And Cain talked with Abel his brother: and it came to pass, when they were in the field, that Cain rose up against Abel his brother, and slew him.

And Cain talked with Abel,.... Or "said", or "spoke unto" him {l}; either what the Lord God said to him in the foregoing verses, as Aben Ezra; or he spoke to him in a kind and friendly manner, and thereby got him to take a walk in the field with him. The Vulgate Latin version adds, "let us go abroad"; and the Septuagint and Samaritan versions, "let us go into the field"; not to fight a duel, which Abel doubtless would have declined, had that been declared, but to have some friendly conversation; and there being a large pause here in the Hebrew text, the Jerusalem Targum gives us an account of what passed between them when in the field;

"Cain said to Abel his brother, there is no judgment, nor Judge, nor will a good reward be given to the righteous; nor will vengeance be taken of the wicked; neither is the world created in mercy nor governed in mercy; otherwise, why is thine offering received with good will, and mine not?''

Abel answered and said to Cain,

"there is a judgment,'' &c.

and so goes on to assert everything Cain denied, and to give a reason why the offering of the one was accepted, and the other rejected: and to the same purpose the Targum of Jonathan:

and it came to pass, when they were in the field; alone and at a distance from their parents, or from any town or city, if any were now built, as some think there were, and out of the sight of any person that might come and interpose and rescue: about a mile from Damascus, in a valley, yet on the side of a hill, are now shown the place, or the house on it, where Cain slew Abel {m}; and so Mr. Maundrel {n} speaks of a high hill near Damascus, reported to be the same they offered their sacrifice on, and Cain slew his brother, and also of another hill at some distance from Damascus, and an ancient structure on it, supposed to be the tomb of Abel:

that Cain rose up against Abel his brother, and slew him; in a furious manner assaulted him, without any just provocation, and took away his life, by some instrument or other, perhaps that was used in husbandry, which might be in the field where they were. The Targum of Jonathan is,

"he fixed a stone in his forehead, and slew him;''

and so the Jews say {o} elsewhere: our poet {p} says, he smote him in the breast with a stone, into the midriff or diaphragm: it must be by some means or other, by which his blood was shed; but it is not material to inquire what the instrument was, as Aben Ezra observes; since though there might be swords, yet there were stones and clubs enough, as he takes notice; and there must be even instruments for agriculture, one of which might be taken up, as being at hand, with which the execution might be made. The Jewish writers {q} say Abel was an hundred years old when he was slain; and some of them {r} make Abel to be the first aggressor: they say, that Abel rose up against him, and threw him to the ground, and afterwards Cain rose up and slew him; however this was not likely the case.

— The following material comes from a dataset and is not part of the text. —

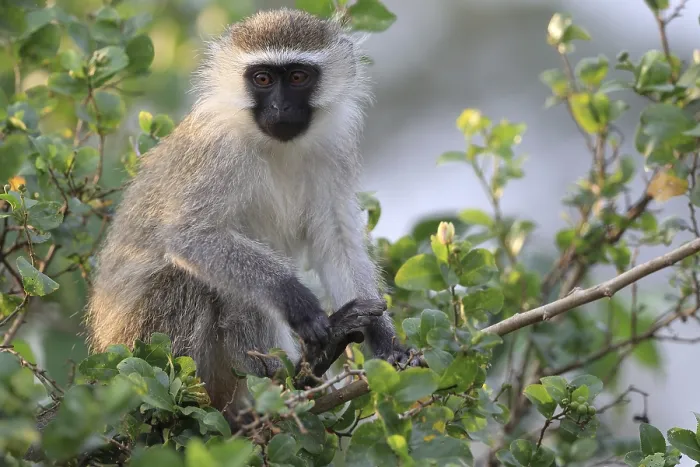 Framed Print : Vervet Monkey (Chlorocebus pygerythrus) Framed Print : Vervet Monkey (Chlorocebus pygerythrus)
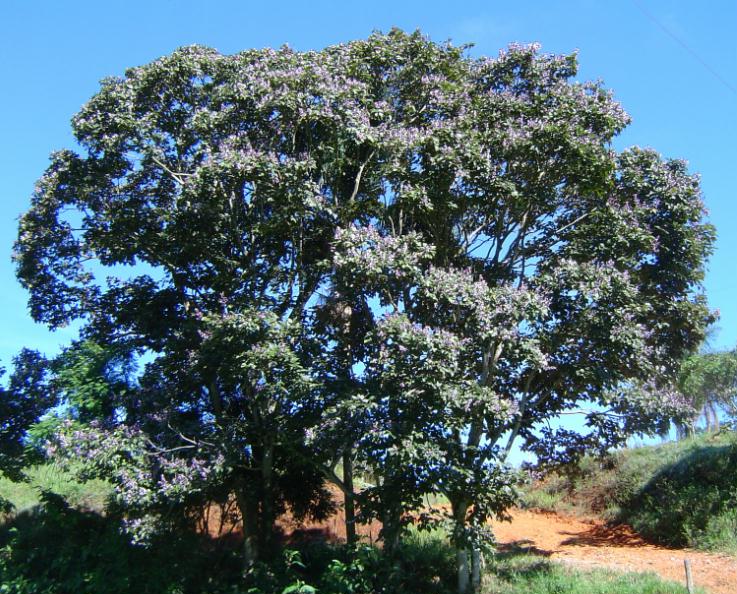 Pau Pereira strom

{l} rmayw "et dixit", Pagninus, Montanus, Munster, Fagius, Vatablus, Drusis.
{m} Lud. Vartoman, Navigat. l. 1. c. 6.
{n} Journey from Aleppo, &c. l. 1. p. 131, 133, 134.
{o} Pirke Eliezer, c. 21.
{p} -----------------And, as they talk'd, Smote him into the midriff with a stone, That beat out life.---------- Milton's Paradise Lost, B. 11. l. 444, &c.
{q} Josippon apud Abendana in Miclol. Yophi in loc.
{r} Tikkune Zohar, correct. 69. fol. 112. l. 2.